Here are six things you can do if you have a reserved, reticent type of personality, but you still need to network anyway.
- Stay in your comfort zone
If you’re uncomfortable, it will show. So stick to what works for you. Don’t worry if you can’t network well at big events, because not all networking happens at large events. It could be more conducive for someone like you to network one-on-one, either in person, by mail, LinkedIn, Facebook, Skype, FaceTime or phone. Don’t force it. Instead do what works for your comfort level.
- Ask advice
When you do contact someone you’d like to network with, ask for some advice. Or ask them questions about how they got in their field or how they like the company they work for, or what it is they enjoy about their jobs. Do not ask them to help you get a job! Don’t ask if you can forward your resume to them or ask them to put in a good word at HR for you. Just ask for advice.
- Once you ask your questions, shut up and listen
This is actually easier for an introvert than an extrovert. And it works in your favor, because people love to talk about themselves more than they want to hear about you. So ask an open ended question, such as how did you get to where you are today, and then do yourself a favor and shut up and listen.
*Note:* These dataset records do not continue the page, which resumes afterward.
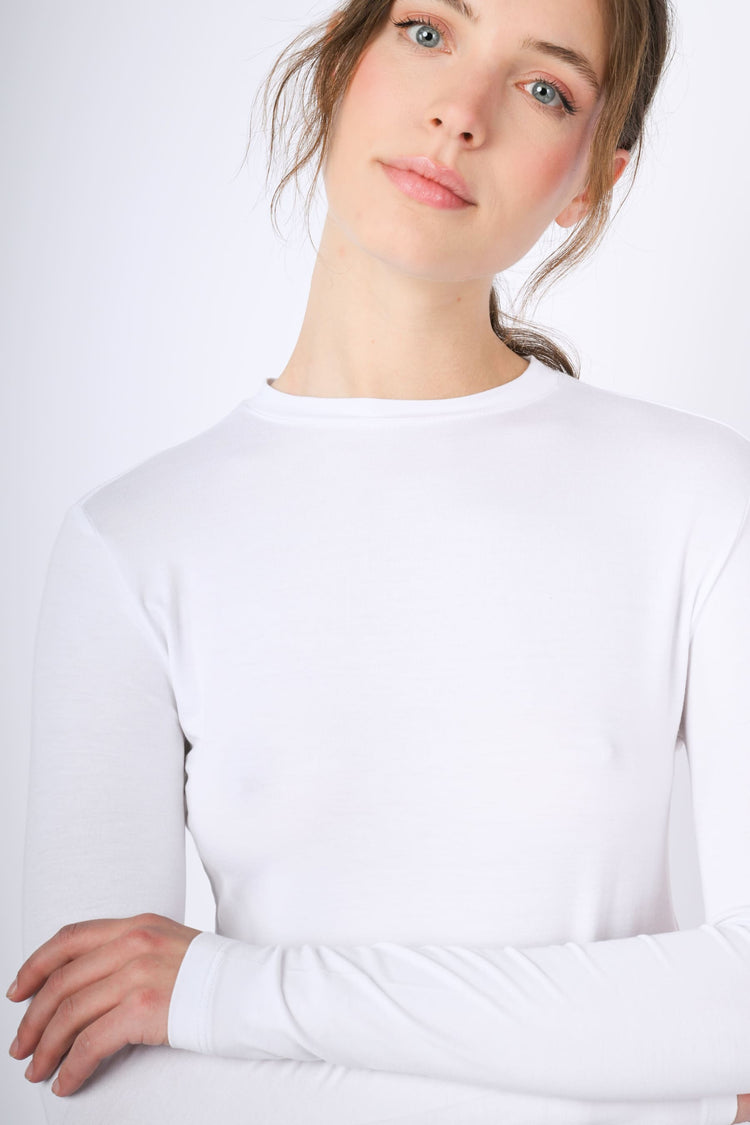 Long-sleeved cropped top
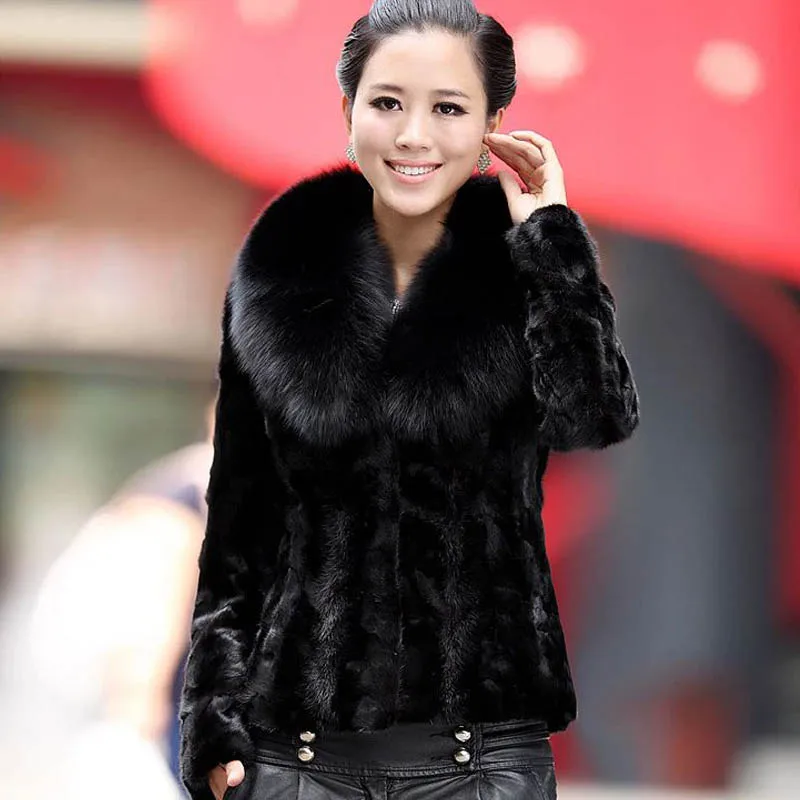 Женская Черная куртка из натурального меха норки с воротником Лисьего стриженое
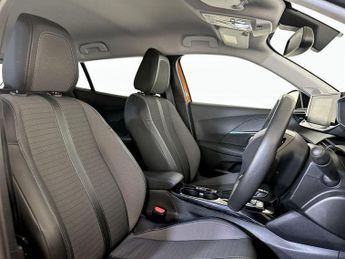 Peugeot E-2008 50kWh Allure Premium Auto 5dr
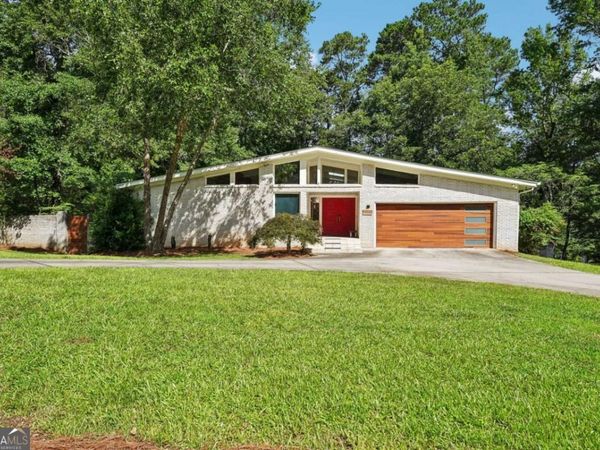 2018 Glacier Drive, Stone Mountain, GA 30087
It’s still networking, even if you aren’t doing all of the talking.
- Perfect your elevator pitch
No one likes to develop an elevator pitch. But honing and perfecting what you want to say, in 30 seconds or less, can bring great rewards. The opportunity to give your brief pitch can show up at any time, so it’s best if you are prepared in advance. Since you’ve got a limited time to get your point across, write out what you want to say on an index card, make sure it is less than half a minute long, and then practice it often, until it flows off of your tongue with no hiccups. What your elevator speech should include is who you are, what you do, and where you’d like to go in your career and why. With any luck, you might give your spiel to the right person on the right day. Either way you want to be ready for any eventuality.
- Use it, don’t lose it
Build your networking list and use it often. Who do you lunch with? Who do you keep in touch with from your alma mater, or from your last job? Make a list of these people and contact them every 4 months or so, just to keep in touch. Writing a note of thanks to someone, on actual paper, for something they’ve done for you stays a long time in their memory bank. Jot down on your calendar one week twice a year where you write an email just to say hi. You’ll stay fresh in their memories that way and when something comes up that might be right up your alley, they’ll know how to find you because you’ve never lost touch.
- Pay it forward
Helping a colleague today can possibly lead to a job tomorrow. So be available to others who request your help. This will not only help you to gain some self confidence, it can also benefit you down the road, as you will end up building contacts who may be of assistance to you sometime in the future.
The more you network, the more opportunities will come your way. It’s a matter of percentages, really. The more people you know and know well, the better the odds that someone will know of an opportunity. Don’t use reticence as an excuse. Networking is just as easy for an introvert as an extrovert, if you just know how to do it!